Um diese Probleme zu vermeiden, ist es besser regelmäßig auskultieren und sorgfältig jeder der Kakteen; isolieren und platzieren in a trockener Platz ein kranker Kaktus; Schneiden Sie die erkrankten Teile ab und tränken Sie sie mit Fungizid, um die Ausbreitung von Bakterien zu verhindern. Bieten Sie Kakteen die Bedingungen, die für ihre ordnungsgemäße Entwicklung je nach Sorte erforderlich sind, und verhindern Sie das Einfrieren.

Tipps zur richtigen Pflege eines Kaktus

Die korrekte Wartung eines Kaktus beinhaltet:

  • Die Wahl des Landes : ein mit Sand angereicherter Boden;
  • Die Wahl des Topfes : ein poröser Behälter mit gut durchlässigem Boden, um eine Wasserstagnation an den Wurzeln zu verhindern;
  • Bewässerung : Nur bei trockenem Boden, da zu viel Feuchtigkeit den Kaktus töten kann. Zu oft zu gießen ist schlecht, aber Kakteen brauchen im Sommer Wasser.
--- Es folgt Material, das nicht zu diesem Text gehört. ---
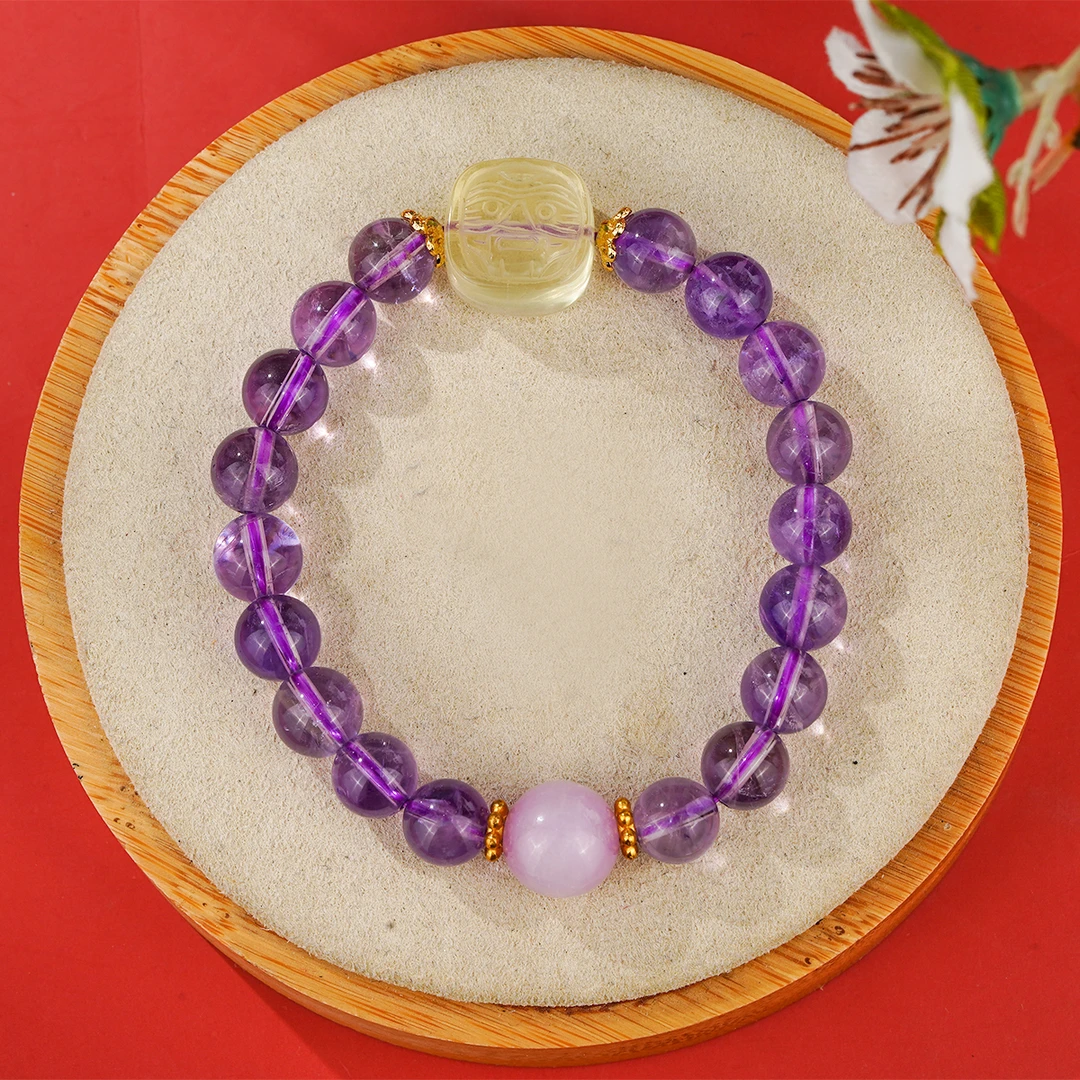 黄水晶扎基拉姆紫锂辉紫水晶手串财富款新中式手串财富款有证书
Selbst wenn das Wachstum eines Kaktus unauffällig ist, erfolgt das Umtopfen in einem Topf, der etwas größer als der alte ist. Achten Sie darauf, die fleischigen Teile nicht zu begraben. Ebenso ist es wichtig, den Boden mit kleinen Kieselsteinen zu bedecken. In der Tat, die Kies fängt Wärme ein und schützt die Pflanze vor Feuchtigkeit. Mäßiges Gießen sorgt für ein gutes Kaktuswachstum. Gießen Sie dazu einfach Wasser in einen tiefen Teller und stellen Sie den Kaktustopf darauf, damit das Wasser eindringen kann (ca. 15 Minuten). Dieser Vorgang muss alle zwei Wochen wiederholt werden.

Beachten Sie, dass Kakteen mit Ausnahme von Sorten im Freien angebaut werden müssen Pilosocereus die in der freien Natur besser machen. Sie müssen geschützt und trocken sobald die Temperatur im Herbst unter 15 ° C fällt. Es ist auch ratsam, das Substrat von Zeit zu Zeit zu wechseln.